TLR2-mediated epithelial cell activation by the Tannerella forsythia BspA protein

OBJECTIVES: Tannerella forsythia is a gram-negative anaerobe strongly associated with pathogenesis of human periodontitis. One of the putative virulence factors of this bacterium is the BspA protein, a cell surface-associated or secreted protein belonging to the leucine-rich repeat (LRR) protein family. BspA has been shown to interact with a variety of host cells through Toll-like receptor (TLR) signaling. Since gingival epithelium forms a barrier against periodontal pathogens, this study was undertaken to determine if gingival epithelial cells respond to BspA challenge and if TLRs play any role in BspA recognition. The study was also directed towards identifying the BspA domains responsible for cellular activation. To determine the role of TLRs in BspA-mediated activation of epithelial cells leading to chemokine secretion and to identify active domains/epitopes of BspA involved in TLR activation.

METHODS: Recombinant BspA protein (rBspA) and its truncated mutant derivatives were utilized to stimulate HEK293 cells transiently expressing TLRs alone or in combination. Cellular activation was determined by NF-κB-induced luciferase reporter assay as well as IL-8 ELISA. Alternatively, primary cells from human gingival epithelium were stimulated with BspA and TLR function blocking antibodies were used to identify the receptors involved. To evaluate direct binding of BspA to TLR2, we utilized ligand-receptor binding assay with biotin-labeled BspA as ligand and TLR2-Fc fusion protein coated on microtiter plates as receptor.

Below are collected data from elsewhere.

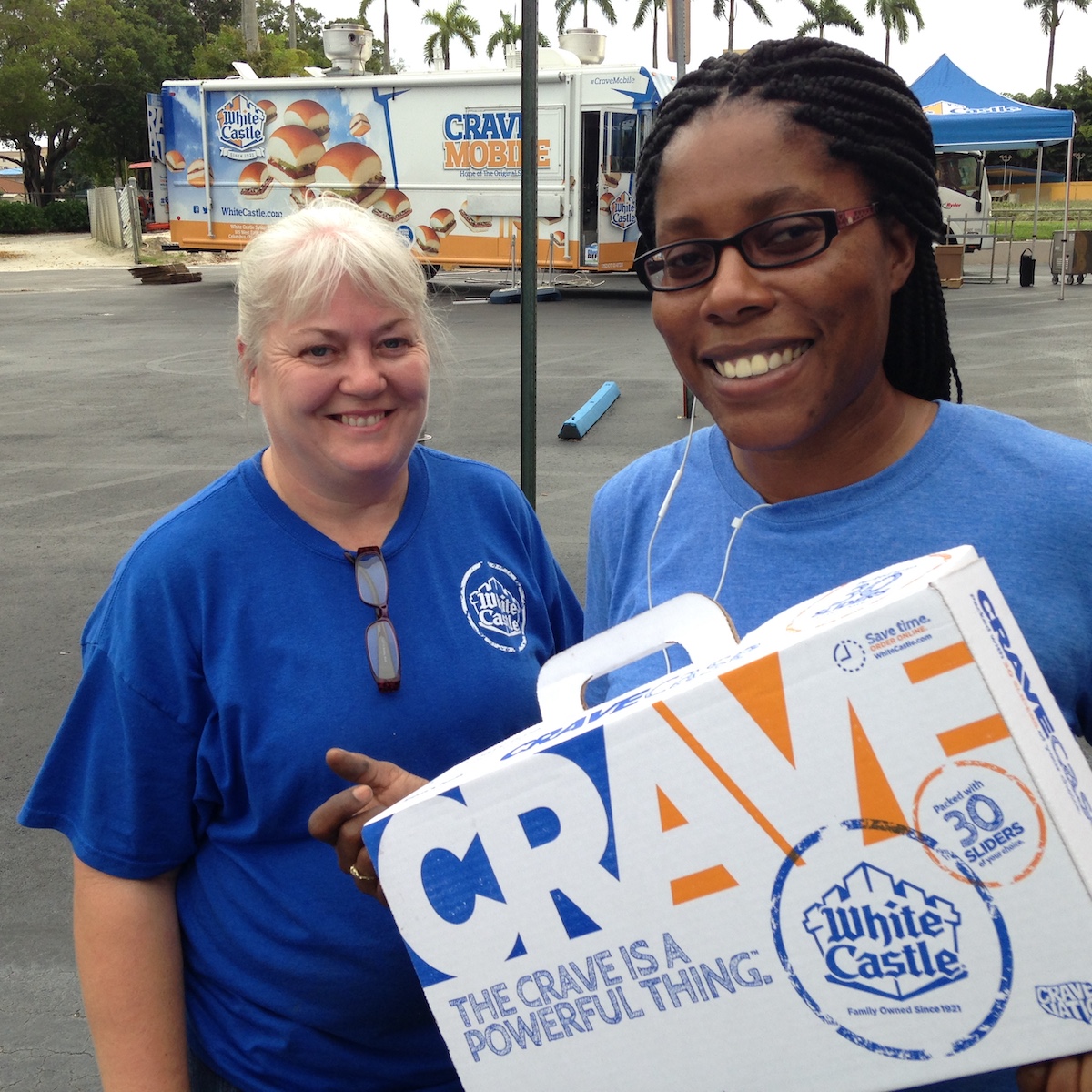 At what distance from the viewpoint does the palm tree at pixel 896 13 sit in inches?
2311

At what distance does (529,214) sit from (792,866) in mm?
3002

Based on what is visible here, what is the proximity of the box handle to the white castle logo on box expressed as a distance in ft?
0.91

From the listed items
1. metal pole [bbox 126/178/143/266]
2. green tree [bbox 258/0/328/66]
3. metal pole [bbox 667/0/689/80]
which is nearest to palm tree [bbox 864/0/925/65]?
green tree [bbox 258/0/328/66]

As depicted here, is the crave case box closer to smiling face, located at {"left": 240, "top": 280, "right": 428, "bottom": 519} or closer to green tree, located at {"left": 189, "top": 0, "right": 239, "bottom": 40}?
smiling face, located at {"left": 240, "top": 280, "right": 428, "bottom": 519}

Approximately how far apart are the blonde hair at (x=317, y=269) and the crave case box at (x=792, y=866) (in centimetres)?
92

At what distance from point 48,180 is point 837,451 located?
52399 millimetres

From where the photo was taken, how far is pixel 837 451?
1434mm

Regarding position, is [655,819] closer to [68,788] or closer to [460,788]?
[460,788]

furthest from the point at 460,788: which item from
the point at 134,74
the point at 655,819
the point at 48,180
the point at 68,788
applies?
the point at 48,180

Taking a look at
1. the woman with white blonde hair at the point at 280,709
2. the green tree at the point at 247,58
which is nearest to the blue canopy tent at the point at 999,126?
the woman with white blonde hair at the point at 280,709

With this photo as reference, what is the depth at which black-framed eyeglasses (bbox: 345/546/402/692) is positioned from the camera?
1727mm

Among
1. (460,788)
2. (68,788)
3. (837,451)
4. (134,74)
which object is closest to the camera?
(460,788)

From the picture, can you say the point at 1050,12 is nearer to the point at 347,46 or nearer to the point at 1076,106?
the point at 1076,106

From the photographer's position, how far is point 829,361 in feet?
4.45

RESULTS: BspA binds to TLR2 leading to release of the chemokine IL-8 from human gingival epithelial cells. Furthermore, the LRR domain of BspA is involved in activation of TLR2, while TLR1 serves as a signaling partner.

CONCLUSION: BspA is an important modulator of host innate immune responses through activation of TLR2 in cooperation with TLR1. Further investigations are in progress to identify the peptide epitopes of BspA involved in TLR2 activation. This study was supported by a grant DE014749 (NIDCR).